Creo que hay dos momentos claves en esta larga y última década: el primero, cuando en los ensayos iniciales de este Gobierno se decapitó, sin afilados cuchillos pero con palos, piedras y agresiones, a dos instituciones democráticas que tenían ostensibles defectos si ustedes quieren añadir, pero que eran producto directo o indirecto de la voluntad popular: 1) El Congreso Nacional elegido en sufragios populares cuyos integrantes en su mayoría fueron reemplazados por ciudadanos suplentes identificados más tarde como “diputados de los manteles”, con la cooperación invaluable del Tribunal Supremo Electoral, algunos de cuyos miembros todavía transitan sin obstáculos por los predios de la política, y 2) El Tribunal Constitucional, defenestrado también ilegalmente. En esos momentos iniciales del régimen se hizo lo mismo que unos años antes consumó Lucio Gutiérrez con la Corte Suprema de Justicia rompiendo la constitucionalidad, con la diferencia de que su arbitrariedad le costó la presidencia y a Rafael Correa no.

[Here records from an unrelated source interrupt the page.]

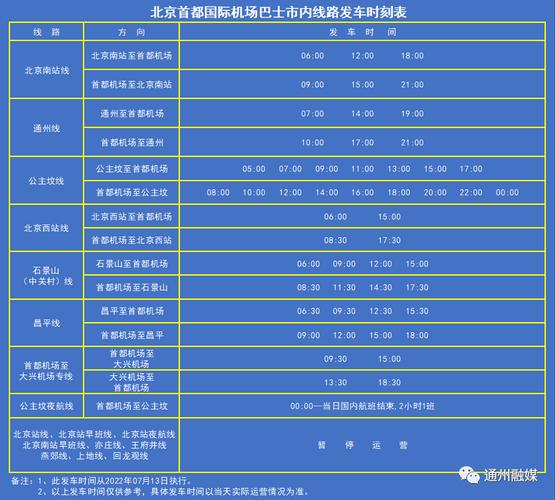 北京首都机场大巴时刻表2021_北京首都国际机场大巴时刻表2023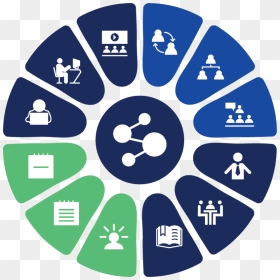 Mockingbird Instructional Network Membership - Nlp Wheel Of Life, HD Png Download - mockingbird png
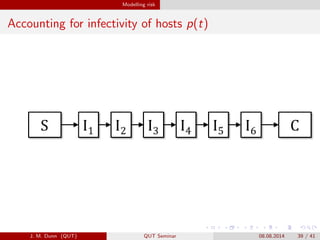 Modelling risk
Accounting for infectivity of hosts p(t)
J. M. Dunn (QUT) QUT Seminar 08.08.2014 39 / 41
 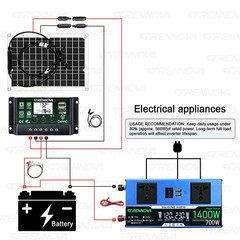Grennova 1400W Solar System 50W Panel 12/24V To 110/220V Inverter 60A Controller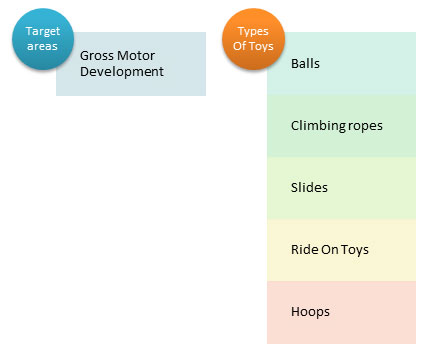 graphs3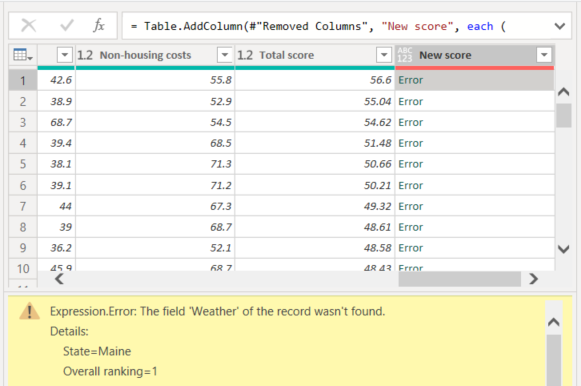 Screenshot of Power Query Editor showing the New score column with Error details.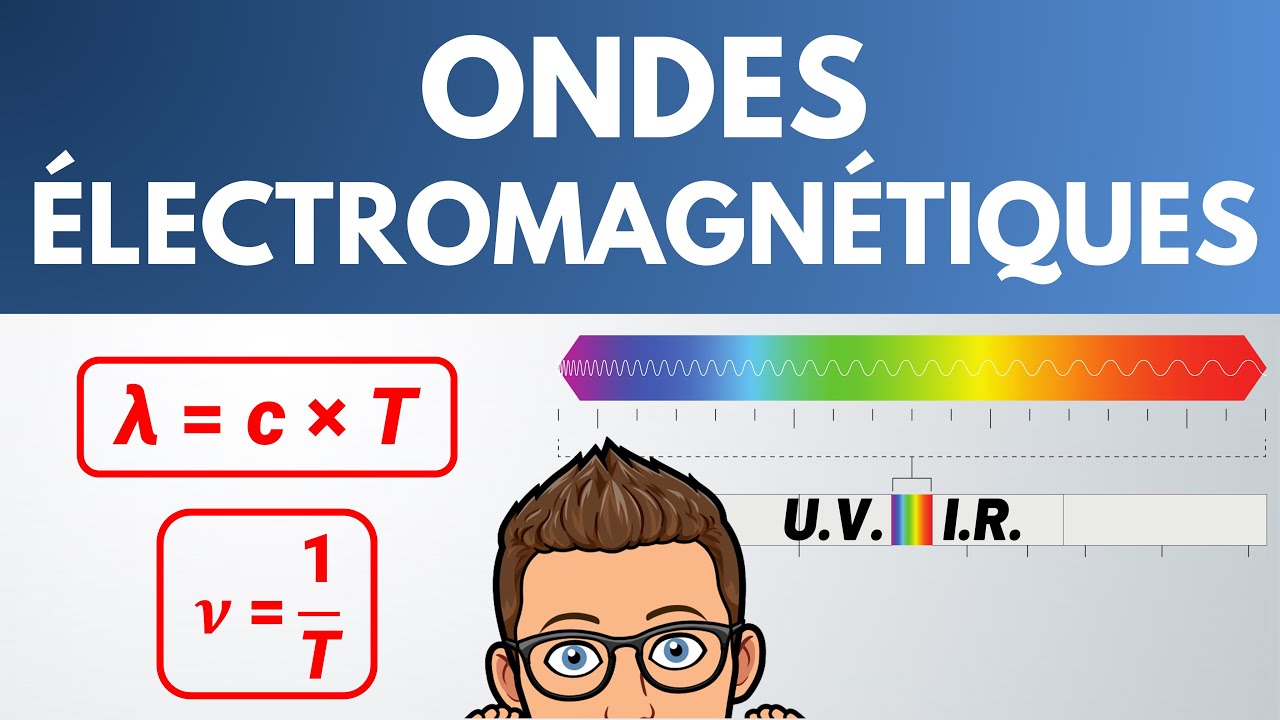 ELECTROMAGNETIC WAVES 🌈 Wavelength, speed | 1st | Physics Chemistry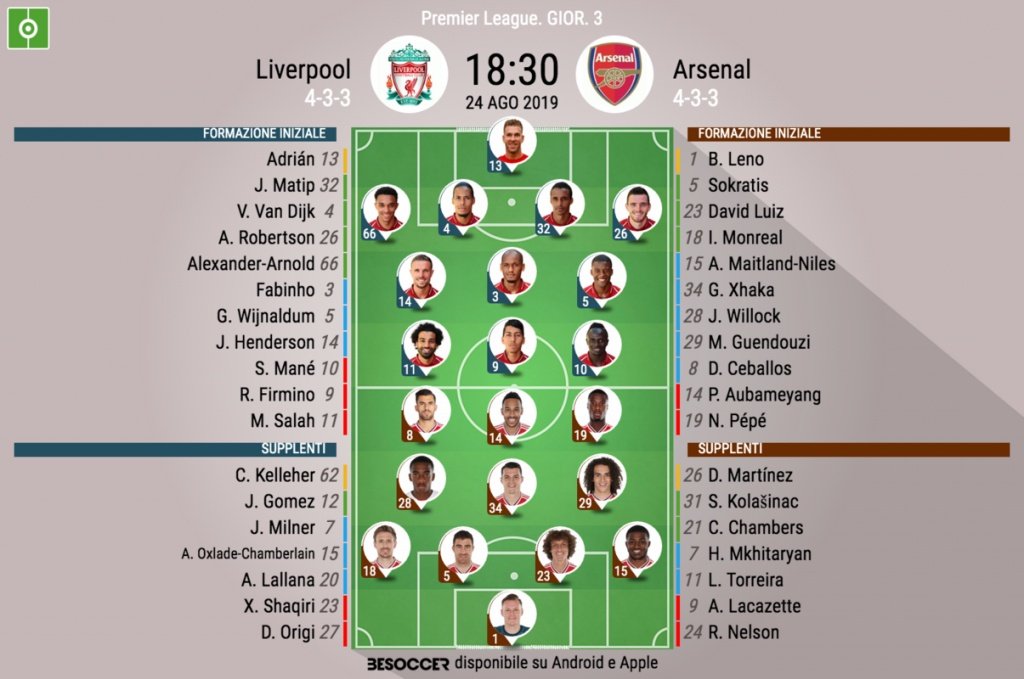 Le formazioni iniziali di Liverpool-Arsenal. BeSoccer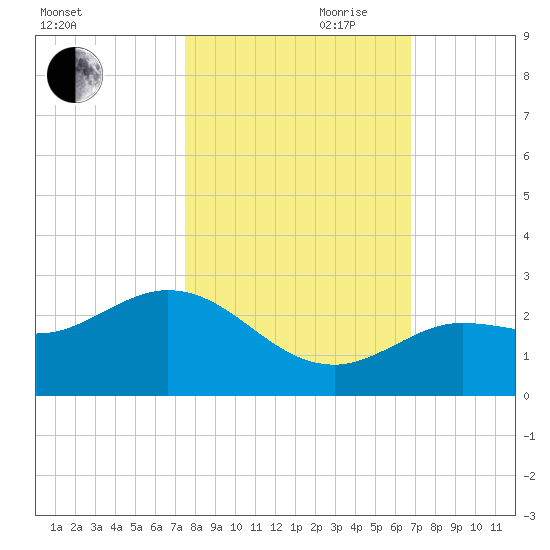 Crawl Key tide chart for Wednesday, October 29, 2025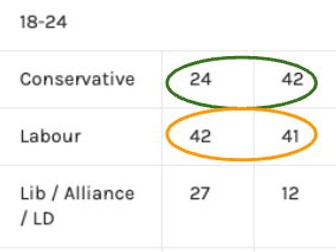 1979 UK general election (AS Politics)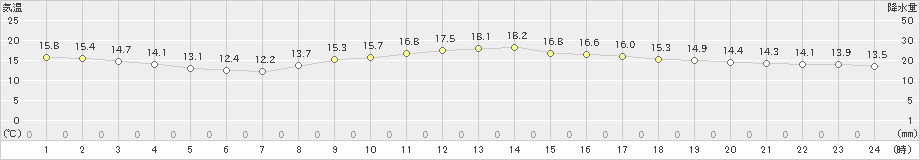 東京(>2019年11月08日)のアメダスグラフ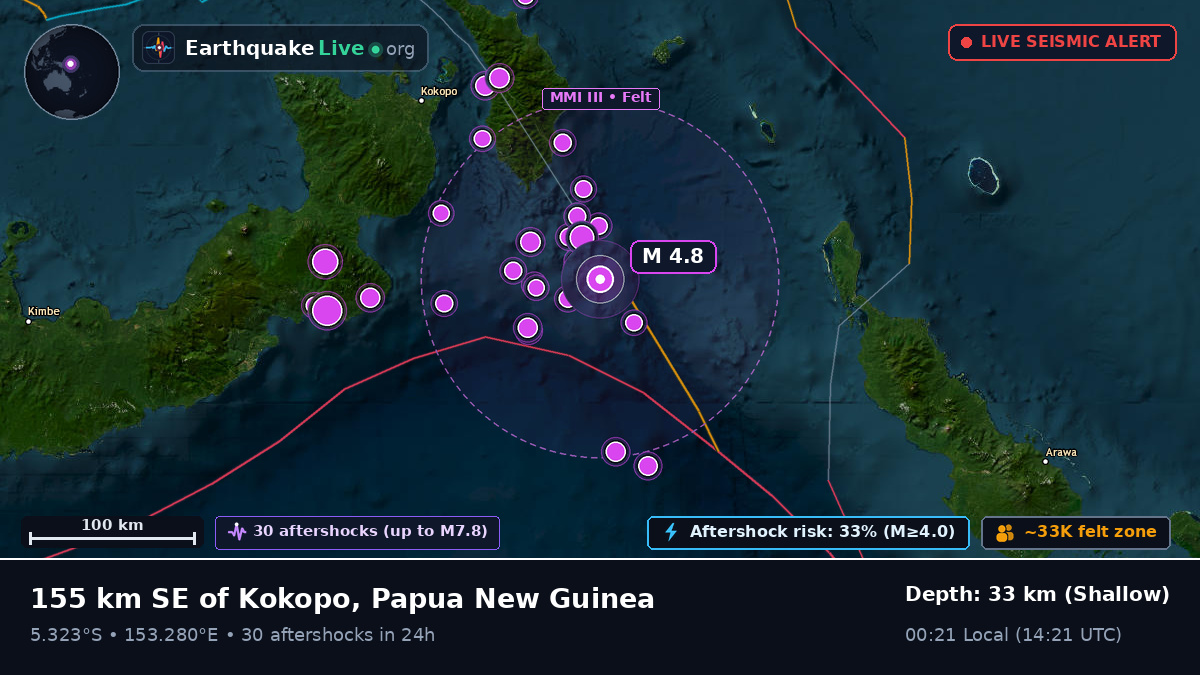 Solomon Sea (Papua New Guinea)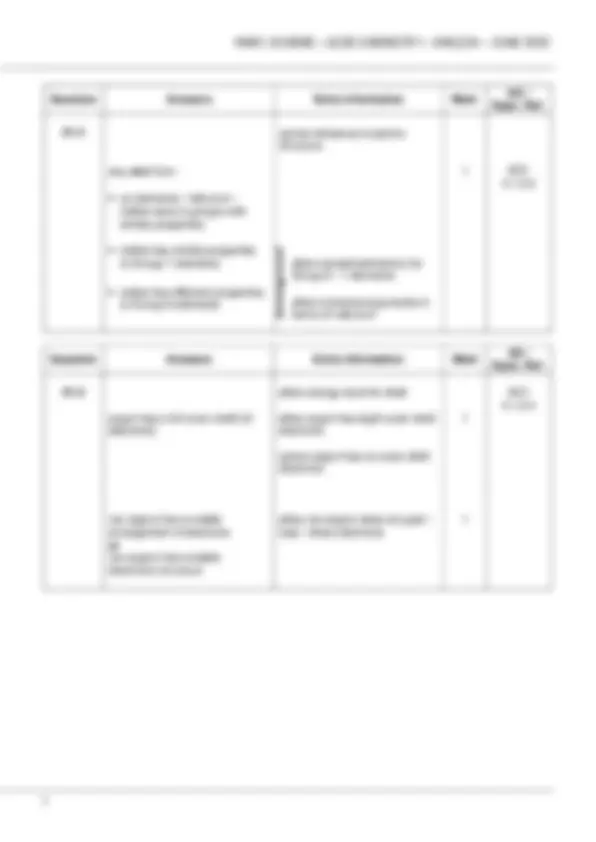 2025 AQA GCSE CHEMISTRY Higher Tier Paper 1 Question Paper & Mark ...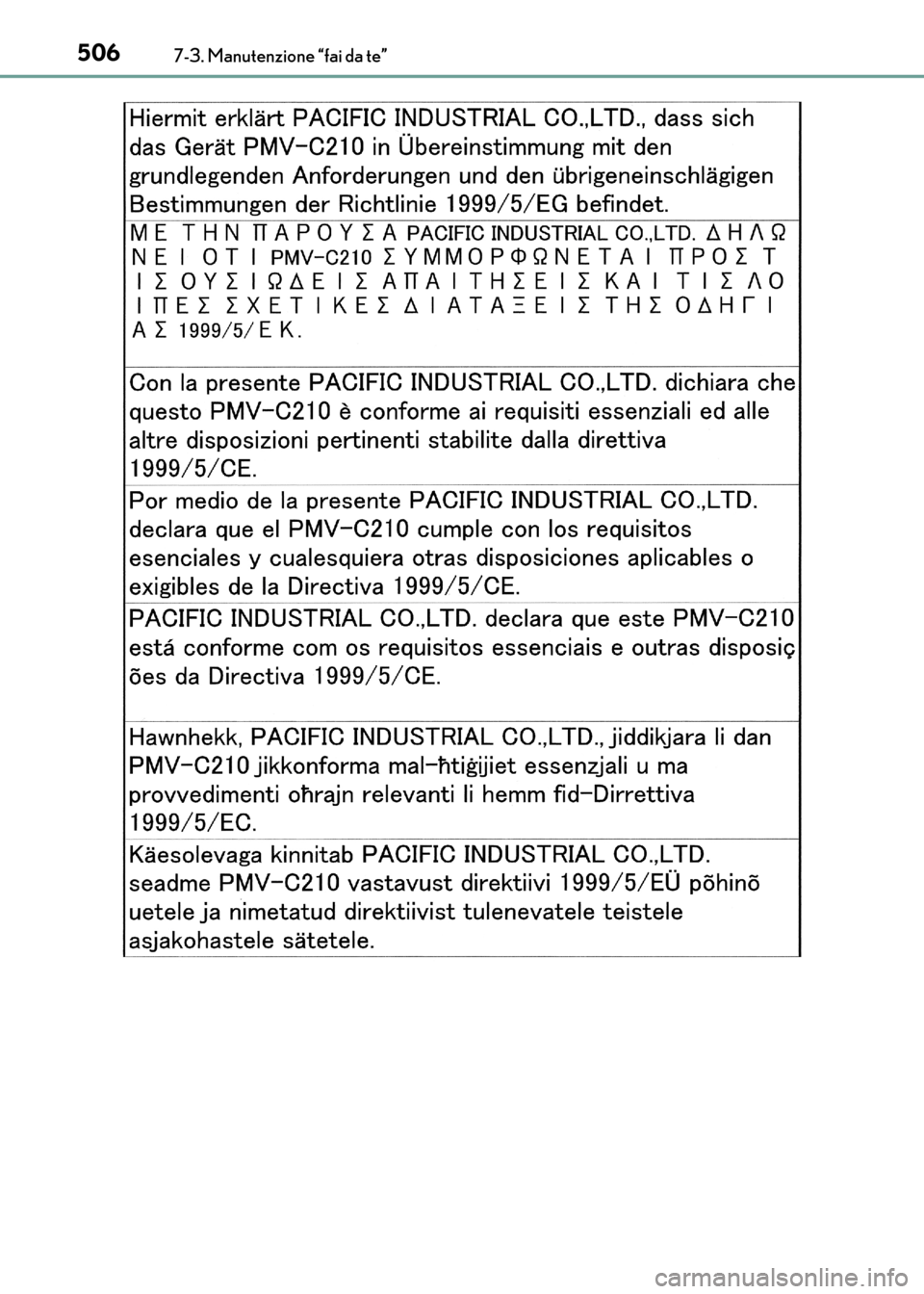 Lexus CT200h 2017  Manuale del proprietario (in Italian) 5067-3. Manutenzione “fai da te”
CT200h_OM_OM99N10L_(EL)
CT200h_OM_OM99N10L_(EL).book  Page 506  Thursday, April 14, 2016  9:14 AM 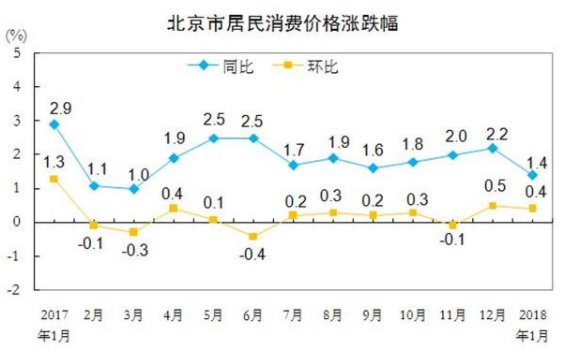 物价上涨对经济的影响有哪些方面？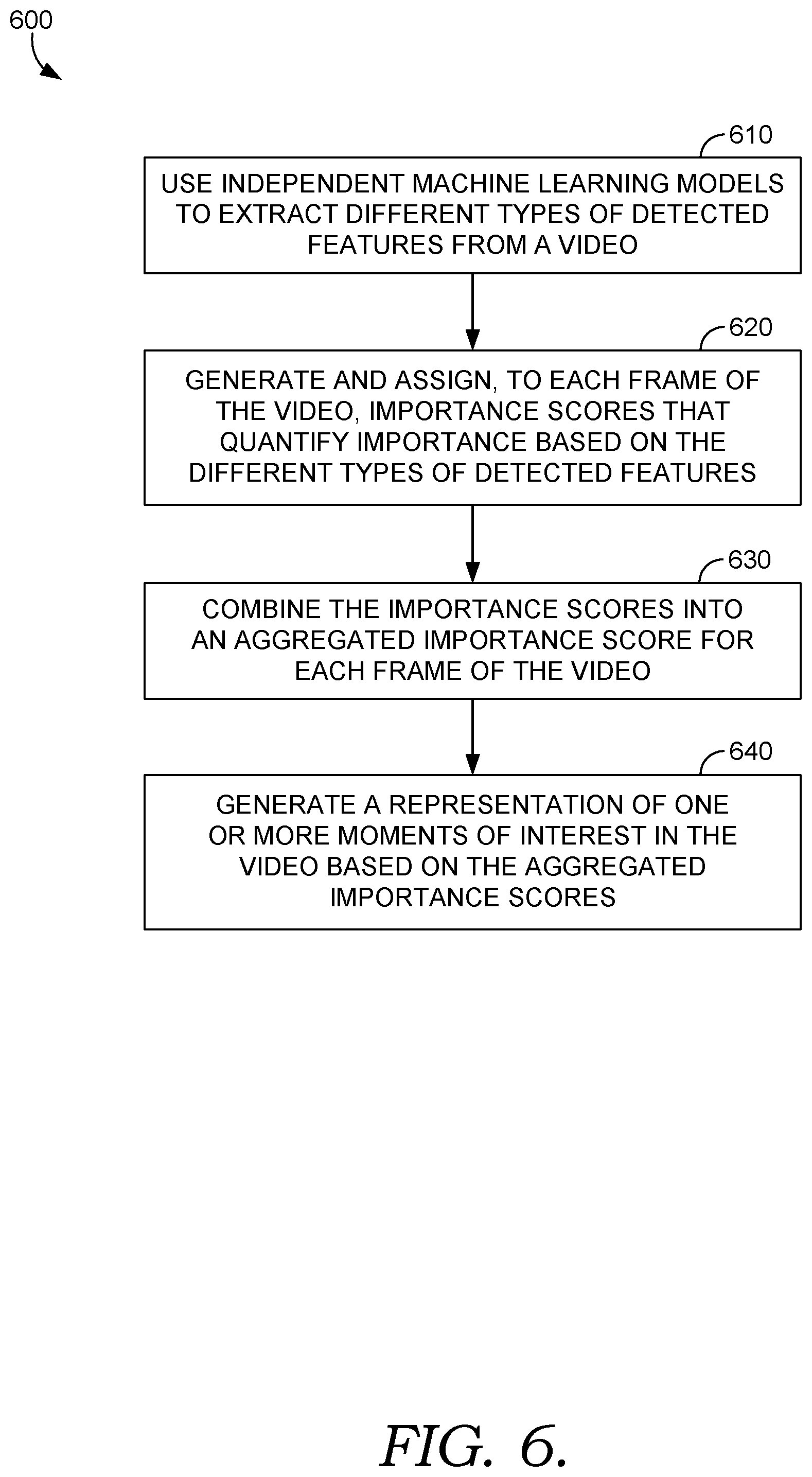 Patent US12468760 Figure 6 – Customizable framework to extract moments of interest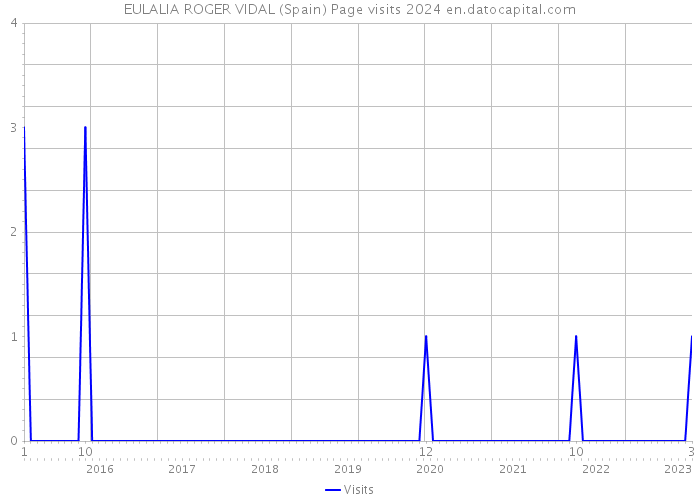 EULALIA ROGER VIDAL (Spain) Page visits 2024 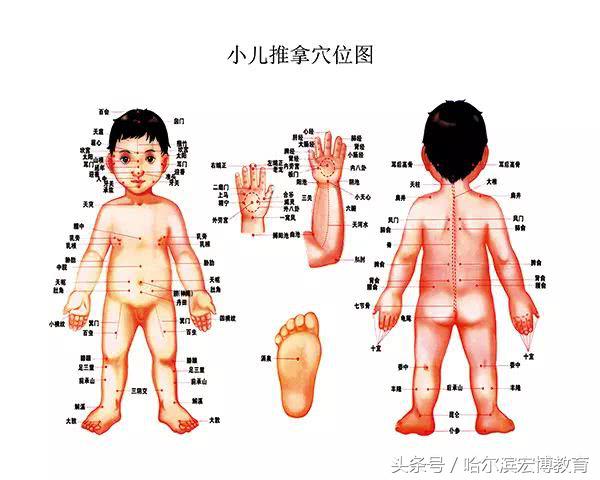 小儿关注力缺陷多动障碍中医分型,小儿关注力缺陷多动障碍症的症状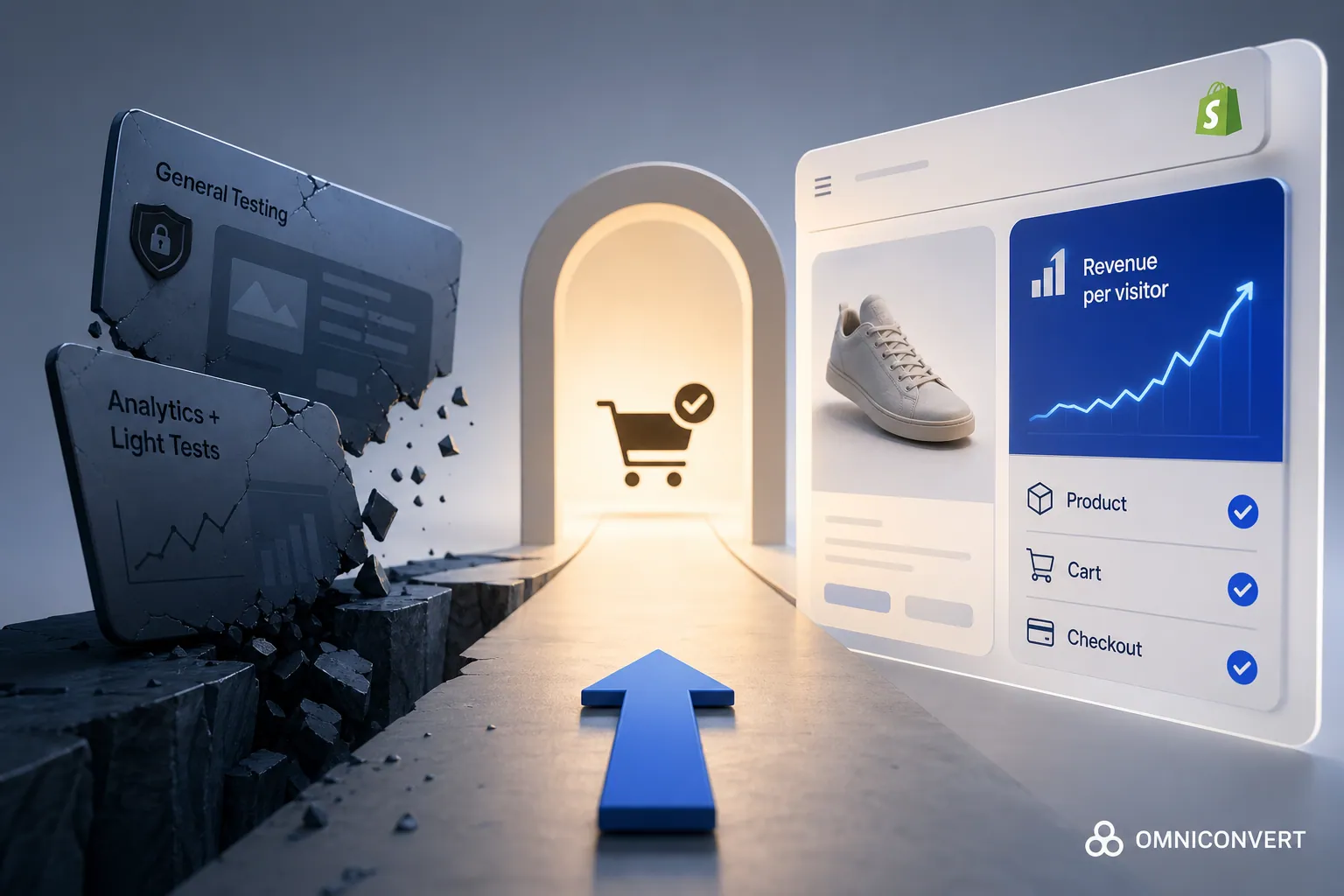 Convert, UseItBetter, and Omniconvert Explore compared: privacy-first A/B testing and behavior analytics with light testing versus Shopify-native eCommerce CRO measured in revenue per visitor.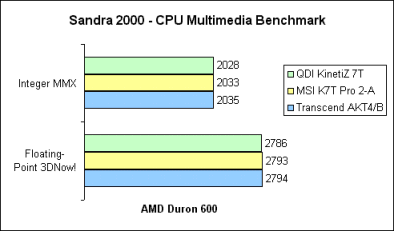 Sandra 2000 - CPU Multimedia Benchmark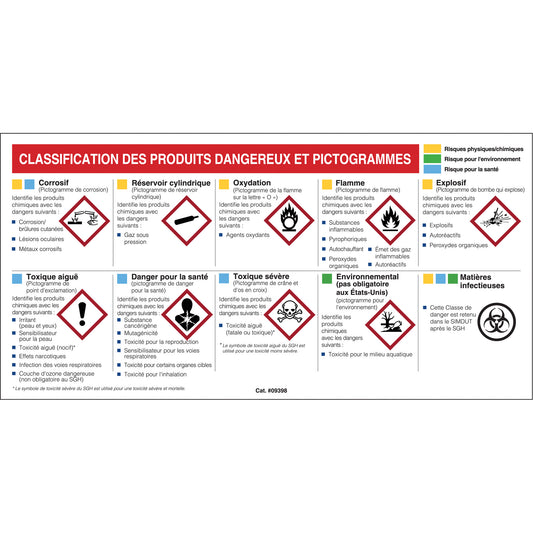Brady Mini MSDS Chart- French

El segundo momento decisivo para que el Ecuador se malogre fue la caída sostenida e insostenible –¿oxímoron?– del precio del petróleo crudo que apuntalaba como soporte esencial de la economía del país. En el primer caso se abrió la puerta para la desinstitucionalización del Estado, que cada día fue tomando más cuerpo con la desaparición paulatina de la independencia de las funciones (que ya ni siquiera eran tripartitas sino noveleramente pentapartitas) y de la separación de los poderes que se fueron concentrando, contra todo concepto de prevalencia constitucional, en el Ejecutivo. En el segundo caso, simplemente la falta de dinero que haga mover la economía.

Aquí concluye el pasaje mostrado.